Lula e Fidel são amigos. E entre amigos tudo se diz, sem que haja necessidade de
transformar a crítica em denúncia e, assim, submeter-se à vergonha de merecer
aplausos daqueles que gostariam de ver Cuba, de novo, como o bordel do Caribe,
território livre dos mafiosos, condenada a perder as inestimáveis conquistas da
Revolução. Mas posso revelar que Lula tratou, sim, da questão dos direitos
humanos, inclusive a situação dos prisioneiros. Dois presidentes têm o direito de
abordar temas que não precisam, necessariamente, chegar ao conhecimento da mídia.
A menos que eles decidam torná-los públicos.

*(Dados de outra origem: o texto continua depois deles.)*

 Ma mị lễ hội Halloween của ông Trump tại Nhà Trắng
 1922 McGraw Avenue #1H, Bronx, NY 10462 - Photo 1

Direitos humanos significam, sobretudo, garantir a toda uma nação condições
dignas de alimentação, saúde e educação. O dom maior de Deus é a vida. E Cuba
pode orgulhar-se de assegurar vida através desses três direitos básicos a toda a
sua população, o que não é o caso dos demais países da América Latina. Se
queremos mais liberdade em Cuba, que Cuba seja, primeiro, libertada do bloqueio
imposto pelo governo dos EUA. E fique livre também de tantos que ainda acreditam
que democracia se conquista através de sabotagens, seqüestros e ações
terroristas.
* Frei Betto é escritor e Assessor Especial do Presidente Luiz Inácio Lula da
Silva, autor, em parceria com Leandro Konder, de "O indivíduo no socialismo"
(Perseu Abramo), entre outros livros.